- Opening Delimiter -

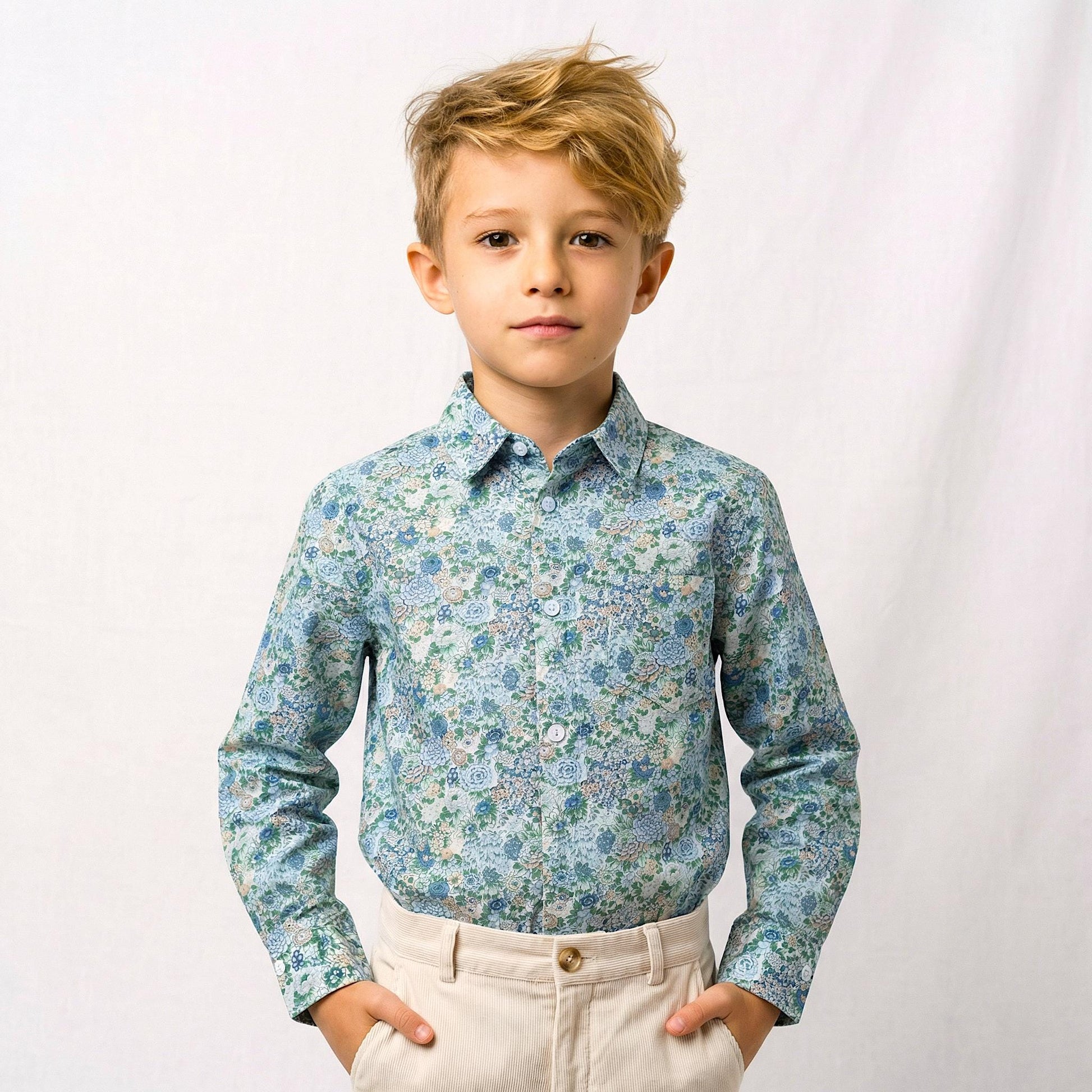 Liberty London Long-sleeved Button-up Chemise, Floral Print Cotton Shirt, Handmade Sustainable Clothing, Tailoring Top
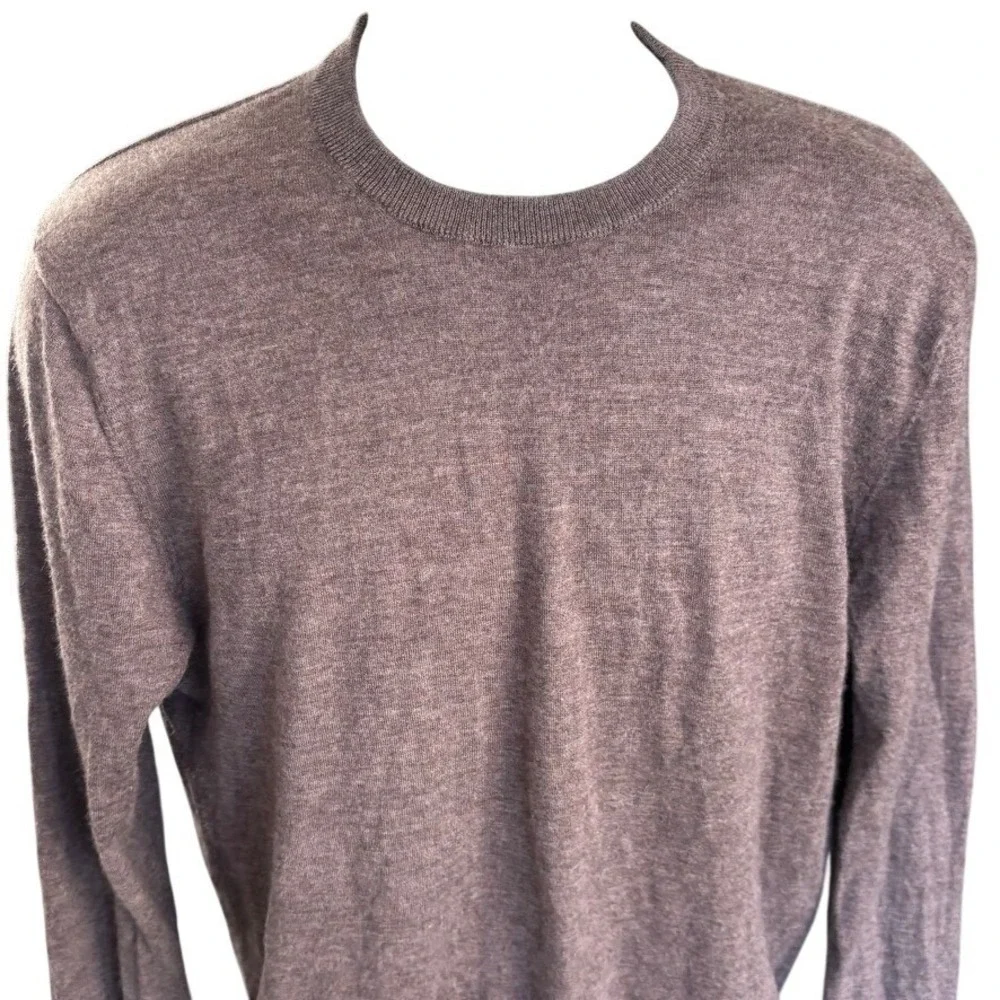 SuitSupply‎ Pure Cashmere Sweater Sz XL Brown Crewneck Quiet Luxury Neutral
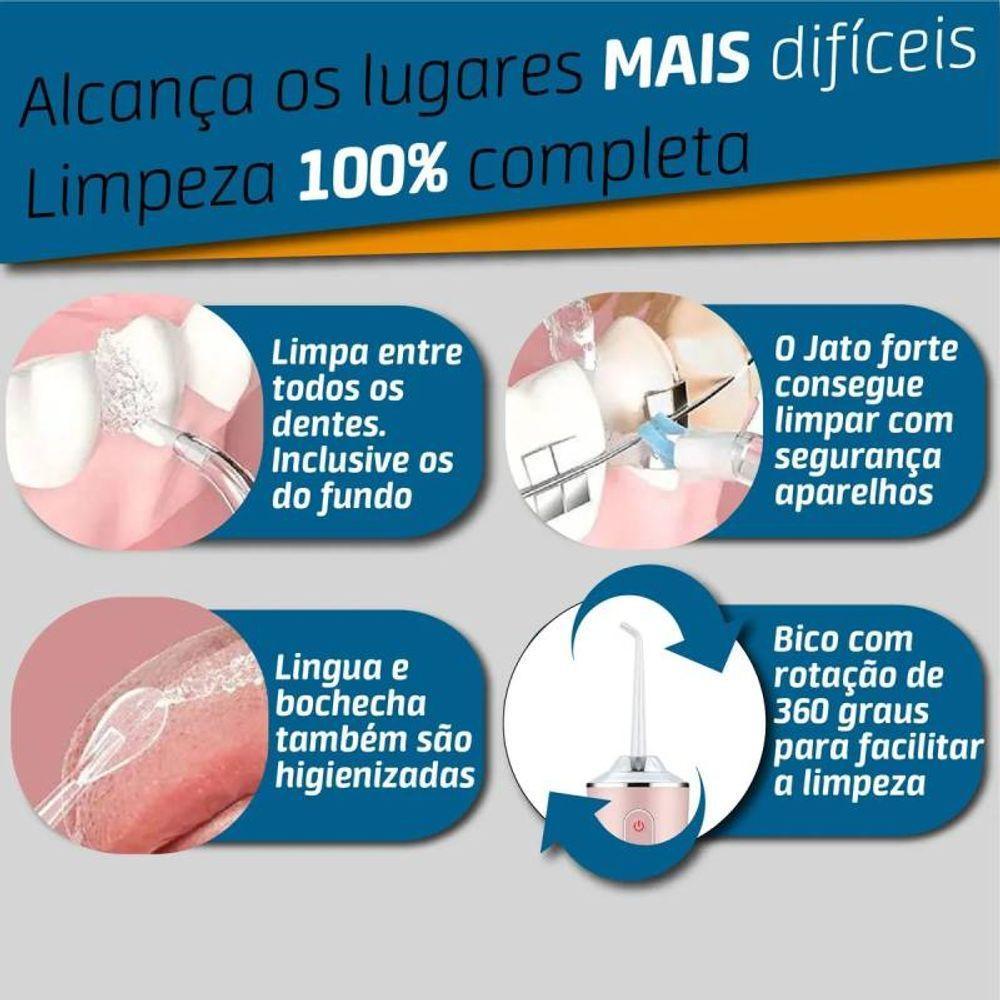 Irrigador Bucal Oral Branco Recarregável Elétrico Water Pick - 3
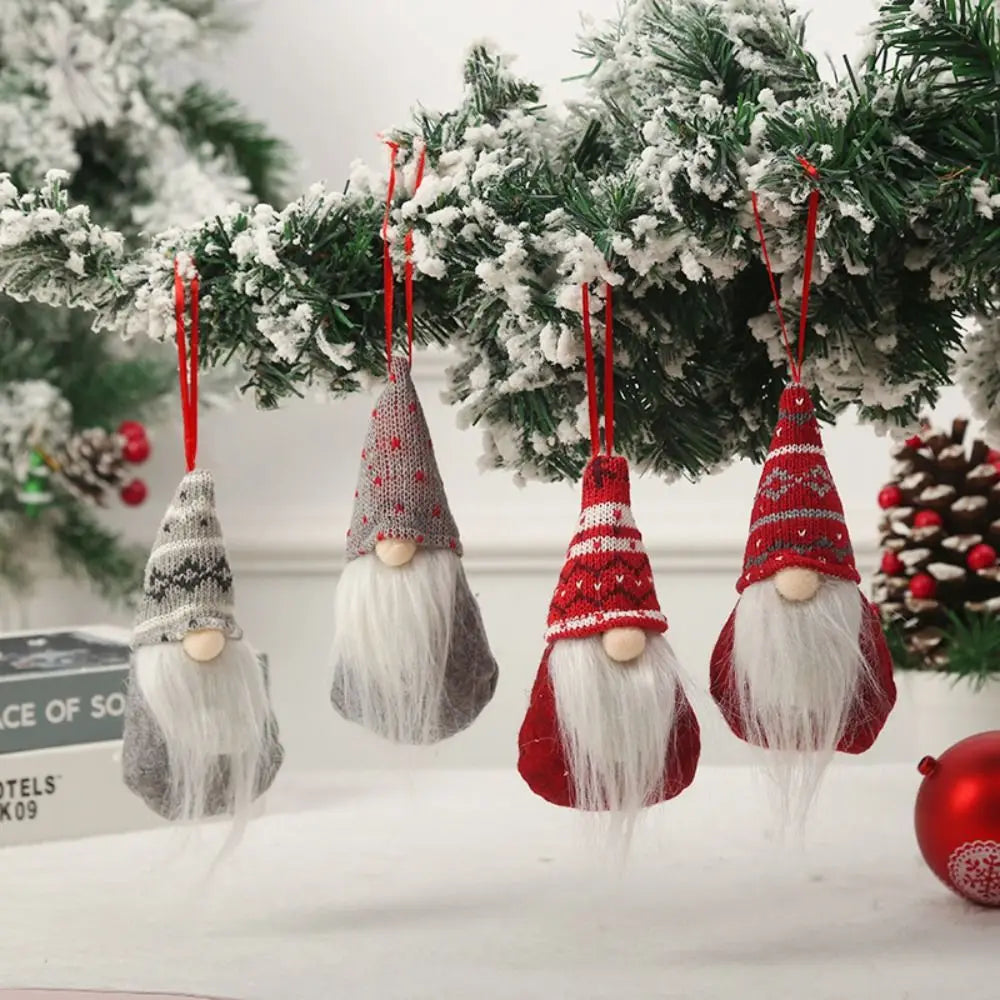 Santa Claus Christmas Gnome Pendant Plush Doll Hanging Tree Knitted Zpaxo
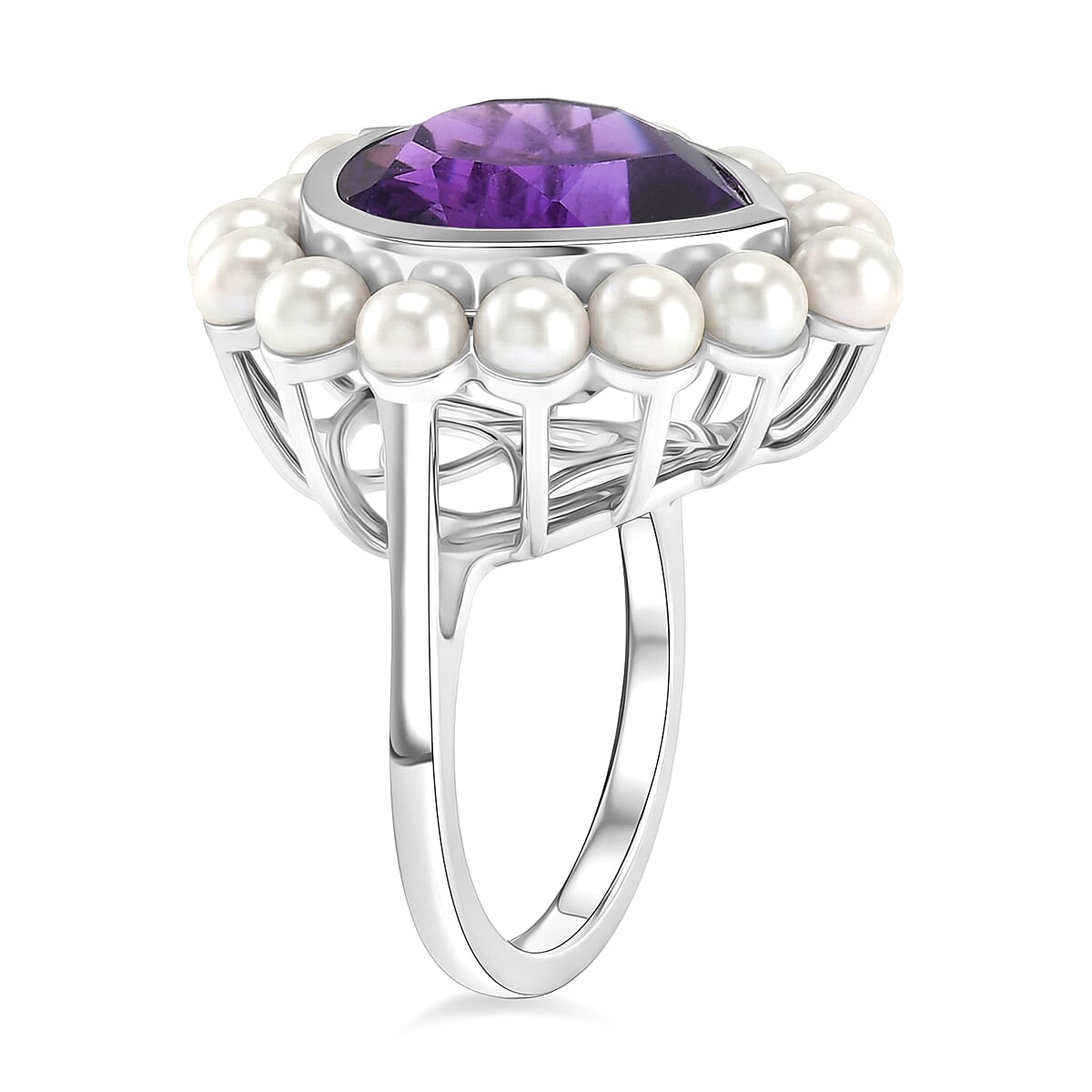D'Joy - African Amethyst & Fresh Water Pearl Heart Ring in Rhodium Overlay Sterling Silver 12.15 Ct.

- Closing Delimiter -

Skip the pictures, then return the rest of the data exactly.

## Task answer
 Liberty London Long-sleeved Button-up Chemise, Floral Print Cotton Shirt, Handmade Sustainable Clothing, Tailoring Top
 SuitSupply‎ Pure Cashmere Sweater Sz XL Brown Crewneck Quiet Luxury Neutral
 Irrigador Bucal Oral Branco Recarregável Elétrico Water Pick - 3
 Santa Claus Christmas Gnome Pendant Plush Doll Hanging Tree Knitted Zpaxo
D'Joy - African Amethyst & Fresh Water Pearl Heart Ring in Rhodium Overlay Sterling Silver 12.15 Ct.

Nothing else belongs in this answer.